Today's psudeo-haiku:

sacred pilgrimage
nara temples
the smell of deer poop

Today: back to Nara. Went to see the special exhibit at the National Museum on "Shinto Gods and Buddhist Deities" , which was definitely cool. (Though I could have used more English explanation - but not their fault I don't read Japanese, now is it?) Took about 2 1/2 - 3 hours to go through, so I'm glad I went last week to see the main exhibit (indeed, it was valuable background for someone not familiar with esoteric, Shingon, and Pure Land Buddhism, and their proliferation of Buddhas, Bodhisattvas, Myou-ou, Tenbu, and so on.)

Nearby, in Nara Park, is Kasuga Grand Shrine - which, according to the exhibit was one of the places the Shinto gods came to Earth. I stuck my head in before - the grounds are beautiful. This time I paid to actually enter the shine area, or at least the part of it open to tourists...pretty, but not all that exciting. So I headed over toward some little shops in front of Todaiji, bought some food there for dinner (a roasted yam, some of those great kusamochi, and some biscuits for the deer), and thought I'd walk back over into the hills behind the shrine a bit.
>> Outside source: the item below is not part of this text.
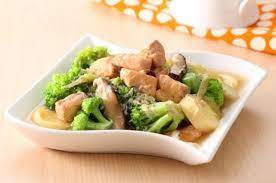 Buah dan sayur memberi semua jenis vitamin dan mineral untuk anda dan bayi. Berbagai Menu Makanan Ibu Hamil Sedap Bergizi Sajian Sedap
Wandering along the paths near the shrine, had the most amazing "coincidence" or "calling" or something...

A little behind and above the big main shrine, as I walked up the path I came to a small side shrine where a Nihonjin fellow was holding forth a little bit about Shinto to a family of gaijin tourists. Turns out he was a Shinto priest (plainclothes division, at least today) who had been playing flute (the "dragon flute", ryuteki), which the family heard and was drawn to. The priest, Kazuhito, gave us all a little lesson in basic Shinto ideas - basically, gratitude is the key concept. And he taught us the simple but precise bowing ritual by which this gratitude is expressed. It's just three bows and two hand claps, but of course each movement has to be just so. And the pauses, the stillnesses, very important - the spaces where the divine can enter.

As we chatted it turns out the family is from Maryland! The father, Gabe works at Goddard, he looked familiar, might have met around Greenbelt sometime (though they live in Bethesda).

The sun was going down soon, and Gabe and company had to split (though I ran into Gabe again later on the train back to Osaka, and he and I had a bit more of a chat). Kaz and I talked a bit longer, walked together for a way. I walked back to the JR station, decided to detour a bit to go and visit the Jizo statue by Kofukuji) where I practiced the ritual (no problem showing gratitude to Jizo, I think).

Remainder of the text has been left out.